Chief Thomas Manger of the Montgomery County (MD) Police Department notes the three key issues that face a chief following a line of duty death are investigation of the incident, the pain and emotions the officers are experiencing, and dealing with the family. He acknowledges, "It is an overwhelming task. I'm convinced that until you go through it, you can't predict how difficult it's going to be." He advises police chiefs that if they have to deal with a line of duty death, it is imperative they clear their calendar because there is nothing more important than dealing with that officer. He states, "Focus on the police department, the officer, and the family. It's a 24-hour day while it's going on." Manger understands that the circumstances may not be as drastic when an officer is injured rather than killed.

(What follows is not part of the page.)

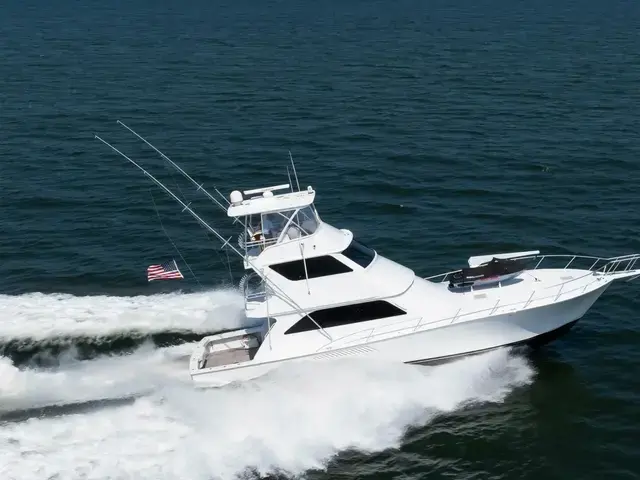 Viking Yachts 61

Sergeant-at-Arms Gainer recognizes the need to stay connected to survivors and family members following line of duty deaths. During his tenure as Chief of the U. S. Capitol Police, Gainer maintained contact with the family survivors of the officers who were killed there in 1998, and he provided them ongoing support. The department holds a private ceremony on the date and at the spot where the officers were killed.

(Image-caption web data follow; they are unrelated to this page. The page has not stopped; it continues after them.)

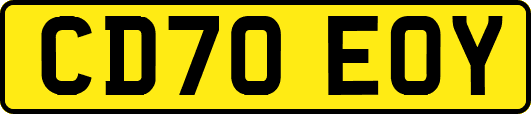 CD70EOY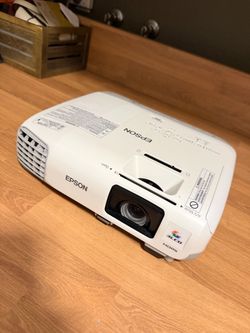 Epson HDMI Video Projector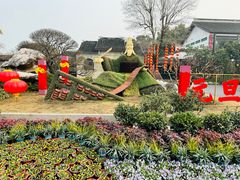 -无锡蠡湖国家湿地公园-蠡园
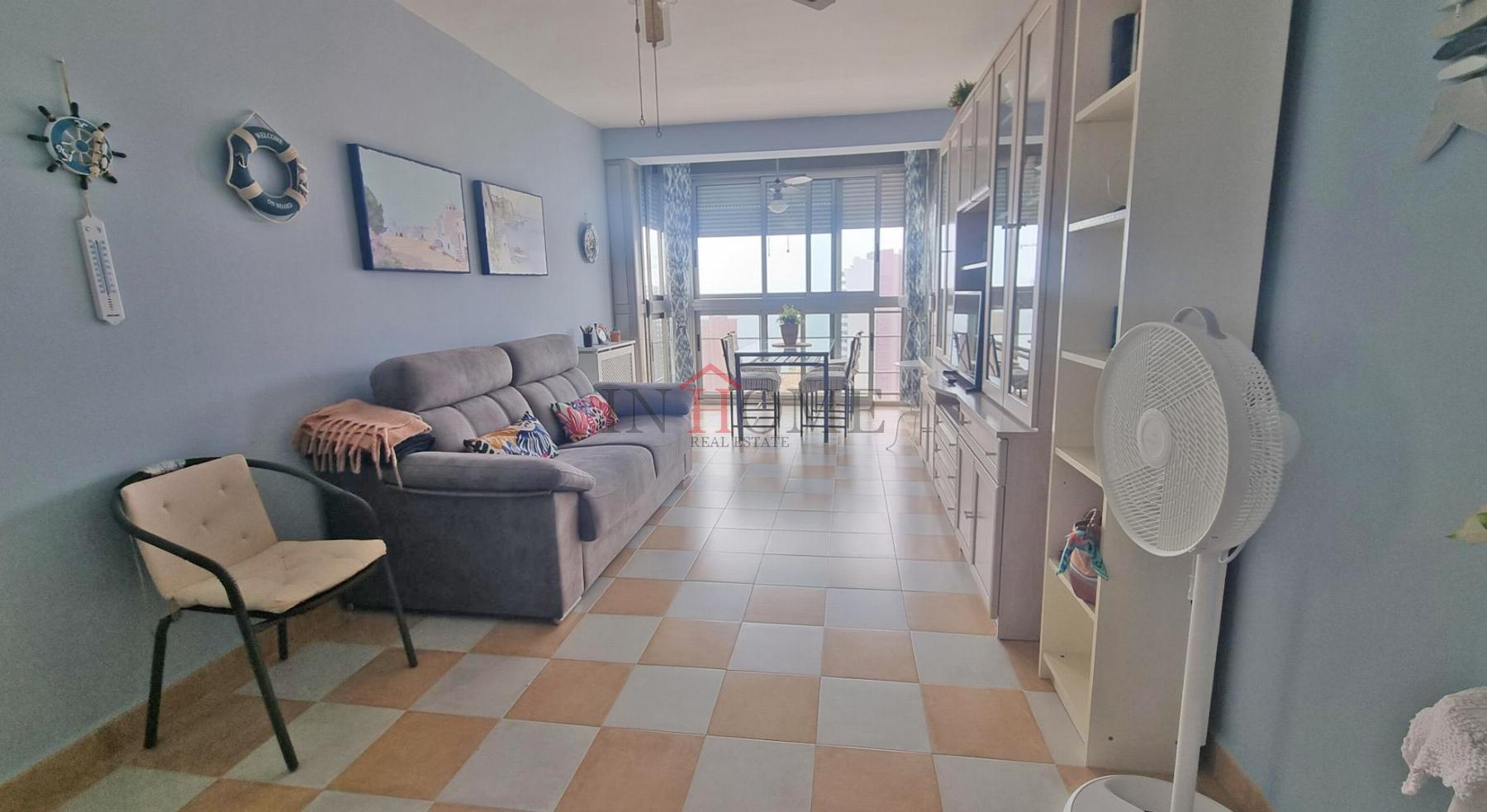 For sale of apartment in Benidorm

During National Police Week, May 13-19, 2007, special tribute is being paid to 382 fallen law enforcement officers whose names are being added to the walls of the National Law Enforcement Officers Memorial and include 145 law enforcement officers who were killed in the line of duty during 2006. The total number of names engraved on the walls of the Memorial now totals 17,917.

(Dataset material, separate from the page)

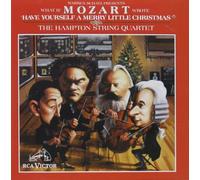 Hampton String Quartet What If Mozart Wrote Have Yourself a Merry Little (CD)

National Police Week is a time to remember the fallen officers who heroically dedicated their lives for the protection and safety of communities nationwide. As they are saluted for their monumental sacrifice and support to their families is provided, perhaps the words of Prince George's County Maryland State's Attorney Glenn F. Ivey should resound, "Police and law enforcement officers respond to dangerous situations when others retreat from them. We owe them our gratitude and respect. Each time a police officer is injured or killed we, as prosecutors, feel as if a family member has been harmed. It brings a continued sense of appreciation for what law enforcement encounters everyday. They are not only our colleagues but also are friends."